- [What is required]: Every word of the listing should be reproduced without alteration.

- [Data for the task]:
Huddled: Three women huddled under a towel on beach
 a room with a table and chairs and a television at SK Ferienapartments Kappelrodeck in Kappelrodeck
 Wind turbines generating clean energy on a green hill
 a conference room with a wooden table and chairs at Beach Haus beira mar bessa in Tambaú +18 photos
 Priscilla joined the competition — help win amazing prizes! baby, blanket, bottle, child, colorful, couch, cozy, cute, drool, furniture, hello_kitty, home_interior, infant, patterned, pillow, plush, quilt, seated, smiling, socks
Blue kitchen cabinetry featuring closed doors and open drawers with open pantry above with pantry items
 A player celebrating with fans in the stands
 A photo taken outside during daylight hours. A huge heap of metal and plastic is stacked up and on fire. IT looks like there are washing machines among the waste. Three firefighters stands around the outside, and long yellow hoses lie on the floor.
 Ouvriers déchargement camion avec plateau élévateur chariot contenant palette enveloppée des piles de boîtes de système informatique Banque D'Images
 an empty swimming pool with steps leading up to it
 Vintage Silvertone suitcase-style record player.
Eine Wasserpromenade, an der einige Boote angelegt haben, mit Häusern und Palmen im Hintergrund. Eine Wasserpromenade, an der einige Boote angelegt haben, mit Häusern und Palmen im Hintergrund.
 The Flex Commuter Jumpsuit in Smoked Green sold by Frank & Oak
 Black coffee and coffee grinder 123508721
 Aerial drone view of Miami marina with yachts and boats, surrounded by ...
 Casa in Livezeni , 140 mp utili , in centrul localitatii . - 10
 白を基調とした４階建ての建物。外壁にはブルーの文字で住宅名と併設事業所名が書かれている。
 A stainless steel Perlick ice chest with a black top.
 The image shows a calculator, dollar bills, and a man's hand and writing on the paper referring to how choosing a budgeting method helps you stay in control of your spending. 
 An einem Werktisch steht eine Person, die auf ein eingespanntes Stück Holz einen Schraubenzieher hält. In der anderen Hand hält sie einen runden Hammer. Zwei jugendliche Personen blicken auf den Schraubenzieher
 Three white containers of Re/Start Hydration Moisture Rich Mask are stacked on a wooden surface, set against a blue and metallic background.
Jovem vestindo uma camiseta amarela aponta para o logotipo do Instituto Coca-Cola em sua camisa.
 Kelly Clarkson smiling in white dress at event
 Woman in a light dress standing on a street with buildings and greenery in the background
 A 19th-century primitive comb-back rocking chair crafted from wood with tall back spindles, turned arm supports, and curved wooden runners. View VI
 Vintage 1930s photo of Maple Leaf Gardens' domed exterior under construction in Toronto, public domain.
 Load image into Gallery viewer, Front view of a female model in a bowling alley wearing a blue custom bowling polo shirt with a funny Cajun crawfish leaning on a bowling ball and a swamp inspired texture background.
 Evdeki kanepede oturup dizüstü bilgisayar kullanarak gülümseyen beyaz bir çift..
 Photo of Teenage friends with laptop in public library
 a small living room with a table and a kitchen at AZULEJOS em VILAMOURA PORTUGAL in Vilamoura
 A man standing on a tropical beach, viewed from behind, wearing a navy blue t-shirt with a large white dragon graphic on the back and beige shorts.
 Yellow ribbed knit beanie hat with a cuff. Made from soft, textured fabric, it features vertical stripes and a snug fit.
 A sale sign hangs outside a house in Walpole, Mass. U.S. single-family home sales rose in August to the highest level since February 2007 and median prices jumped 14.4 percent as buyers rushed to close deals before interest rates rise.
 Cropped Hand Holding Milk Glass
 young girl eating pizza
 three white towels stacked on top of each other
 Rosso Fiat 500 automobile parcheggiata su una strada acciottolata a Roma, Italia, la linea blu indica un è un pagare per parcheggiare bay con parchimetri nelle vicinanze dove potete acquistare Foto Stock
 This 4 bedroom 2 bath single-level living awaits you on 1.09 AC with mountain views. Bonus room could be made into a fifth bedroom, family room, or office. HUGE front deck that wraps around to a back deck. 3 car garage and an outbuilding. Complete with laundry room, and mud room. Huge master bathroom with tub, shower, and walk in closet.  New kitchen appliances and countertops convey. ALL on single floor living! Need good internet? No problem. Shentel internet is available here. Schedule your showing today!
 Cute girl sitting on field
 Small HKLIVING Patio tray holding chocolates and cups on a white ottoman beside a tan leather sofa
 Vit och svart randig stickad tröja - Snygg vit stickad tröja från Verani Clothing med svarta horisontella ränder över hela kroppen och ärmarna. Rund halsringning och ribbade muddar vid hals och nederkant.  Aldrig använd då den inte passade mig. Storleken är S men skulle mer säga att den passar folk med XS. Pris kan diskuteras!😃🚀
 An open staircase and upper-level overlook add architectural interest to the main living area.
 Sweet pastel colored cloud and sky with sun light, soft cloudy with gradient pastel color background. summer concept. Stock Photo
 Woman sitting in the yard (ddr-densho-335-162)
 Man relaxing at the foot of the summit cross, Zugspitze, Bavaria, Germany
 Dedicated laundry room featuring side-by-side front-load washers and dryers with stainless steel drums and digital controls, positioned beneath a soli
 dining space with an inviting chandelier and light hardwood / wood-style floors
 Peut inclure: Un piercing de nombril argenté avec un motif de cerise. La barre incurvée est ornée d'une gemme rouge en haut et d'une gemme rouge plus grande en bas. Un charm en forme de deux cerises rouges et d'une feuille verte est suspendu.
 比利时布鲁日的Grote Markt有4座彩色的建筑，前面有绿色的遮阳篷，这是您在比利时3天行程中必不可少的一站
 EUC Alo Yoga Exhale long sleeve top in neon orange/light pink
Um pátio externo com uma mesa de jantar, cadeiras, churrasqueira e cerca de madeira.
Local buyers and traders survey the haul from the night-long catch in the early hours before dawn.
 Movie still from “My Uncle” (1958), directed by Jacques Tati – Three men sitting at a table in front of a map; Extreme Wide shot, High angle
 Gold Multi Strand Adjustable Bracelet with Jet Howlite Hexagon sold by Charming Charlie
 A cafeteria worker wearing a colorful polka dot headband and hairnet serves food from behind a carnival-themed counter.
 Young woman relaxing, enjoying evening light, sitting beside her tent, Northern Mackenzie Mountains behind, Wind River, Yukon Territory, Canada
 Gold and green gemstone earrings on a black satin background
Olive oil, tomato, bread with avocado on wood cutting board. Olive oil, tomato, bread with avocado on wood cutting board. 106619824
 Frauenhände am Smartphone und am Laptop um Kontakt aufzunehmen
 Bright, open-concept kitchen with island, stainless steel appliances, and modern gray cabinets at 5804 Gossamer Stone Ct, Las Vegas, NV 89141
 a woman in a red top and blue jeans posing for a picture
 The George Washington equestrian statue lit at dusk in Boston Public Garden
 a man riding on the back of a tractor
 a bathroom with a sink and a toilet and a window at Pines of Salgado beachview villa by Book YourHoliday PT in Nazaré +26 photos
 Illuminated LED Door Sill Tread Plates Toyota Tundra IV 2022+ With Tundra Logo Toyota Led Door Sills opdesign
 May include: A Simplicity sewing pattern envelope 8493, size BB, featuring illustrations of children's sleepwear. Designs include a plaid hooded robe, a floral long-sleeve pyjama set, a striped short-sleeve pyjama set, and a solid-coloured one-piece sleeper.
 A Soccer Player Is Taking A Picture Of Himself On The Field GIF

- [Exercise response]:
Huddled: Three women huddled under a towel on beach
 a room with a table and chairs and a television at SK Ferienapartments Kappelrodeck in Kappelrodeck
 Wind turbines generating clean energy on a green hill
 a conference room with a wooden table and chairs at Beach Haus beira mar bessa in Tambaú +18 photos
 Priscilla joined the competition — help win amazing prizes! baby, blanket, bottle, child, colorful, couch, cozy, cute, drool, furniture, hello_kitty, home_interior, infant, patterned, pillow, plush, quilt, seated, smiling, socks
Blue kitchen cabinetry featuring closed doors and open drawers with open pantry above with pantry items
 A player celebrating with fans in the stands
 A photo taken outside during daylight hours. A huge heap of metal and plastic is stacked up and on fire. IT looks like there are washing machines among the waste. Three firefighters stands around the outside, and long yellow hoses lie on the floor.
 Ouvriers déchargement camion avec plateau élévateur chariot contenant palette enveloppée des piles de boîtes de système informatique Banque D'Images
 an empty swimming pool with steps leading up to it
 Vintage Silvertone suitcase-style record player.
Eine Wasserpromenade, an der einige Boote angelegt haben, mit Häusern und Palmen im Hintergrund. Eine Wasserpromenade, an der einige Boote angelegt haben, mit Häusern und Palmen im Hintergrund.
 The Flex Commuter Jumpsuit in Smoked Green sold by Frank & Oak
 Black coffee and coffee grinder 123508721
 Aerial drone view of Miami marina with yachts and boats, surrounded by ...
 Casa in Livezeni , 140 mp utili , in centrul localitatii . - 10
 白を基調とした４階建ての建物。外壁にはブルーの文字で住宅名と併設事業所名が書かれている。
 A stainless steel Perlick ice chest with a black top.
 The image shows a calculator, dollar bills, and a man's hand and writing on the paper referring to how choosing a budgeting method helps you stay in control of your spending. 
 An einem Werktisch steht eine Person, die auf ein eingespanntes Stück Holz einen Schraubenzieher hält. In der anderen Hand hält sie einen runden Hammer. Zwei jugendliche Personen blicken auf den Schraubenzieher
 Three white containers of Re/Start Hydration Moisture Rich Mask are stacked on a wooden surface, set against a blue and metallic background.
Jovem vestindo uma camiseta amarela aponta para o logotipo do Instituto Coca-Cola em sua camisa.
 Kelly Clarkson smiling in white dress at event
 Woman in a light dress standing on a street with buildings and greenery in the background
 A 19th-century primitive comb-back rocking chair crafted from wood with tall back spindles, turned arm supports, and curved wooden runners. View VI
 Vintage 1930s photo of Maple Leaf Gardens' domed exterior under construction in Toronto, public domain.
 Load image into Gallery viewer, Front view of a female model in a bowling alley wearing a blue custom bowling polo shirt with a funny Cajun crawfish leaning on a bowling ball and a swamp inspired texture background.
 Evdeki kanepede oturup dizüstü bilgisayar kullanarak gülümseyen beyaz bir çift..
 Photo of Teenage friends with laptop in public library
 a small living room with a table and a kitchen at AZULEJOS em VILAMOURA PORTUGAL in Vilamoura
 A man standing on a tropical beach, viewed from behind, wearing a navy blue t-shirt with a large white dragon graphic on the back and beige shorts.
 Yellow ribbed knit beanie hat with a cuff. Made from soft, textured fabric, it features vertical stripes and a snug fit.
 A sale sign hangs outside a house in Walpole, Mass. U.S. single-family home sales rose in August to the highest level since February 2007 and median prices jumped 14.4 percent as buyers rushed to close deals before interest rates rise.
 Cropped Hand Holding Milk Glass
 young girl eating pizza
 three white towels stacked on top of each other
 Rosso Fiat 500 automobile parcheggiata su una strada acciottolata a Roma, Italia, la linea blu indica un è un pagare per parcheggiare bay con parchimetri nelle vicinanze dove potete acquistare Foto Stock
 This 4 bedroom 2 bath single-level living awaits you on 1.09 AC with mountain views. Bonus room could be made into a fifth bedroom, family room, or office. HUGE front deck that wraps around to a back deck. 3 car garage and an outbuilding. Complete with laundry room, and mud room. Huge master bathroom with tub, shower, and walk in closet.  New kitchen appliances and countertops convey. ALL on single floor living! Need good internet? No problem. Shentel internet is available here. Schedule your showing today!
 Cute girl sitting on field
 Small HKLIVING Patio tray holding chocolates and cups on a white ottoman beside a tan leather sofa
 Vit och svart randig stickad tröja - Snygg vit stickad tröja från Verani Clothing med svarta horisontella ränder över hela kroppen och ärmarna. Rund halsringning och ribbade muddar vid hals och nederkant.  Aldrig använd då den inte passade mig. Storleken är S men skulle mer säga att den passar folk med XS. Pris kan diskuteras!😃🚀
 An open staircase and upper-level overlook add architectural interest to the main living area.
 Sweet pastel colored cloud and sky with sun light, soft cloudy with gradient pastel color background. summer concept. Stock Photo
 Woman sitting in the yard (ddr-densho-335-162)
 Man relaxing at the foot of the summit cross, Zugspitze, Bavaria, Germany
 Dedicated laundry room featuring side-by-side front-load washers and dryers with stainless steel drums and digital controls, positioned beneath a soli
 dining space with an inviting chandelier and light hardwood / wood-style floors
 Peut inclure: Un piercing de nombril argenté avec un motif de cerise. La barre incurvée est ornée d'une gemme rouge en haut et d'une gemme rouge plus grande en bas. Un charm en forme de deux cerises rouges et d'une feuille verte est suspendu.
 比利时布鲁日的Grote Markt有4座彩色的建筑，前面有绿色的遮阳篷，这是您在比利时3天行程中必不可少的一站
 EUC Alo Yoga Exhale long sleeve top in neon orange/light pink
Um pátio externo com uma mesa de jantar, cadeiras, churrasqueira e cerca de madeira.
Local buyers and traders survey the haul from the night-long catch in the early hours before dawn.
 Movie still from “My Uncle” (1958), directed by Jacques Tati – Three men sitting at a table in front of a map; Extreme Wide shot, High angle
 Gold Multi Strand Adjustable Bracelet with Jet Howlite Hexagon sold by Charming Charlie
 A cafeteria worker wearing a colorful polka dot headband and hairnet serves food from behind a carnival-themed counter.
 Young woman relaxing, enjoying evening light, sitting beside her tent, Northern Mackenzie Mountains behind, Wind River, Yukon Territory, Canada
 Gold and green gemstone earrings on a black satin background
Olive oil, tomato, bread with avocado on wood cutting board. Olive oil, tomato, bread with avocado on wood cutting board. 106619824
 Frauenhände am Smartphone und am Laptop um Kontakt aufzunehmen
 Bright, open-concept kitchen with island, stainless steel appliances, and modern gray cabinets at 5804 Gossamer Stone Ct, Las Vegas, NV 89141
 a woman in a red top and blue jeans posing for a picture
 The George Washington equestrian statue lit at dusk in Boston Public Garden
 a man riding on the back of a tractor
 a bathroom with a sink and a toilet and a window at Pines of Salgado beachview villa by Book YourHoliday PT in Nazaré +26 photos
 Illuminated LED Door Sill Tread Plates Toyota Tundra IV 2022+ With Tundra Logo Toyota Led Door Sills opdesign
 May include: A Simplicity sewing pattern envelope 8493, size BB, featuring illustrations of children's sleepwear. Designs include a plaid hooded robe, a floral long-sleeve pyjama set, a striped short-sleeve pyjama set, and a solid-coloured one-piece sleeper.
 A Soccer Player Is Taking A Picture Of Himself On The Field GIF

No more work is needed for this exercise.